At first glance, last week’s 287-217 parliamentary vote granting the island of Corsica increased autonomy may look like another exercise in partisan politics. France’s leftist majority dutifully supported the government of Socialist Prime Minister Lionel Jospin, while the conservative opposition just as predictably snubbed it. In reality, however, the bill is causing division even within political parties and may set off significant changes in France’s highly centralized governing structure.

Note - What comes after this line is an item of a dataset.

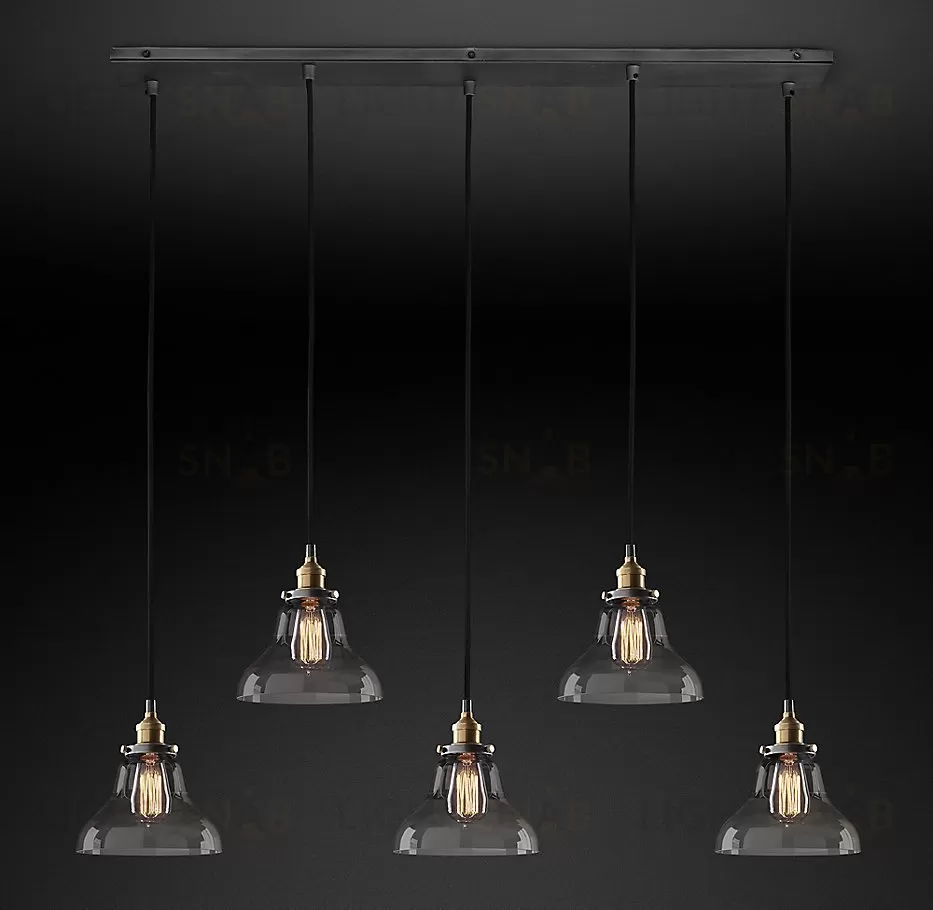 Подвесной дизайнерский светильник  20th C. Factory Filament Smoke Glass Boulangerie Rectangular Pendant by Restoration Hardware LSR5818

Though the draft law is designed to end the nationalist violence and organized crime that have plagued the island for over two decades, one consequence — limited decentralization — goes against some of the most sacred tenets of French political ideology: concentration of power in Paris and insistence on the uniformity of French identity. The proposal would give Corsica’s local assembly greater autonomy by allowing it to adapt certain national laws to the “specificities of the island.” It would also permit the assembly more flexibility in managing Corsica’s economy and grant its 250,000 residents tax exemptions to favor investment and growth. The bill also encourages instruction in the Corsican language in public schools — a recognition of linguistic and cultural distinction no other French region enjoys.

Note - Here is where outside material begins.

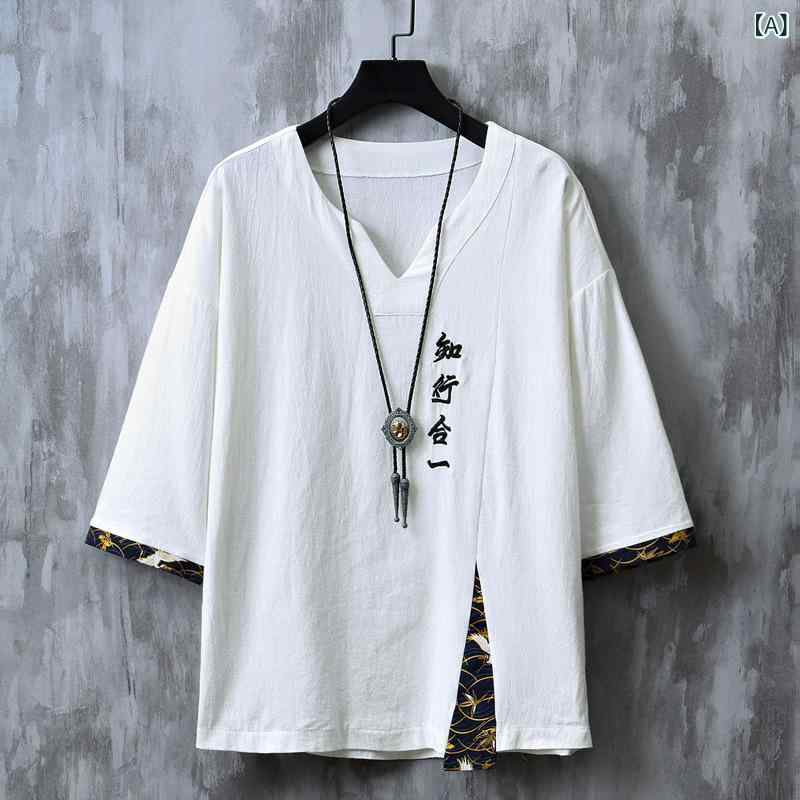 Tシャツ メンズ 中華風 エスニック柄 レトロ トレンド カジュアル 綿麻 コットンリネン 刺繍 ウォッシュ加工 五分袖 ゆったり ビッグシルエット Vネック 薄手 軽量 大きいサイズ 夏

The bill’s backers hope that giving nationalists a greater stake in the system will induce them to end their struggle against “French colonialism.” Opponents counter it rewards the thuggery, violence and widespread corruption that nationalists and criminals used to make Corsica an unmanageable headache for French governments since 1975. Conservative detractors like Nicole Ameline, spokeswoman for the centrist Liberal Democracy Party, argued the bill legitimizes “violence as a means of gaining political recognition.” Other rightists condemned it as “preparing independence.” The loudest protests came from Jospin’s own leftist majority. Former Interior Minister Jean-Pierre Chevènement — who resigned last year in protest against Jospin’s plans — decried the bill, asking, “Who is so naive to believe that whatever is granted to Corsicans today won’t also be demanded tomorrow by the Basques, Bretons, Savoyards?” Similar misgivings were privately voiced by other leftists, but the shorter-term priorities of sparing the Jospin government a defeat ensured the bill’s passage.

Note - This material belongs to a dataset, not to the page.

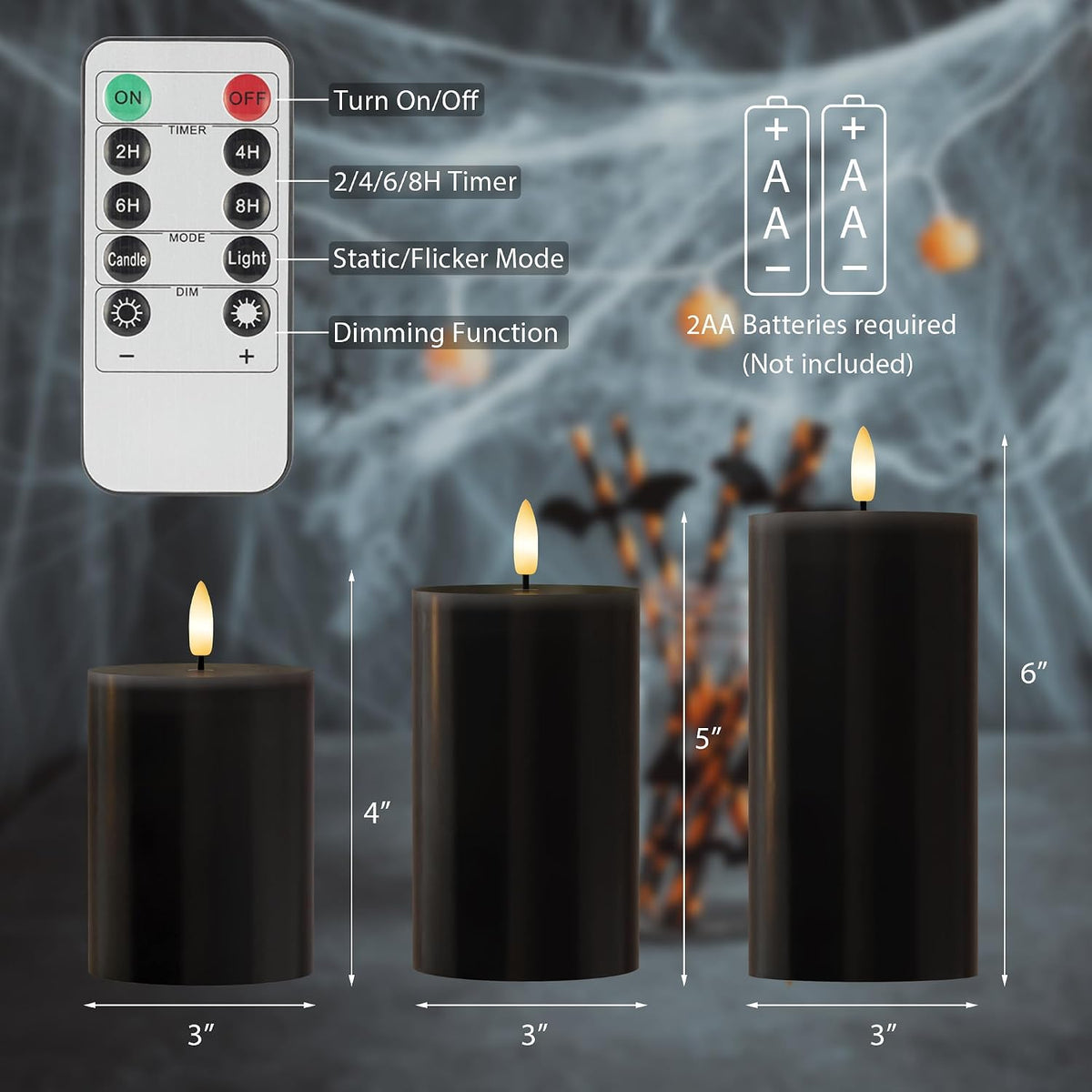Halloween Flameless Candles with Remote, Battery Operated Candles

Disunity over the measure was not limited to the left, however. Several leading conservatives — including former Gaullist Premier Edouard Balladur and former President Valéry Giscard d’Estaing — broke ranks to vote for the bill, while 30 others aided it by abstaining. That conservative support reflected beliefs that French political and economic modernization lies in extending previous transfers of decision-making power to regional authorities. Earlier French devolution programs were productive. But in tailoring decentralization to regional particularities, the Corsica bill challenges constitutional tenets of national indivisibility and equality.

Still, given the beneficial effects of decentralization, Jospin and other candidates preparing to challenge President Jacques Chirac in next spring’s elections now champion acceleration. François Bayrou, president of the centrist Union of French Democracy Party, argues that the Corsican bill will further foster devolution. “Decisions must be taken locally, close to citizens,” says Bayrou, “and not just in their name from Paris.”

The Corsican bill still has a long way to go to become law. The draft must pass the upper house of Parliament before facing the Conseil Constitutionnel — the guardian of France’s Jacobin constitution. Corsican nationalists may also prove uncooperative if, as leader Jean-Guy Talamoni warns, the bill “isn’t a modest start to what must be a much deeper, wider reform.”

Anything short of a clean start for Corsica could prove disastrous. It would be a travesty of the bill’s intent if nationalists ended up sharing power on the island while still supporting more radical underground groups accused of perpetrating violence and crime. That would likely provoke a get-tough reversal of Corsican policy by Paris — and derail projects to speed devolution to other regions.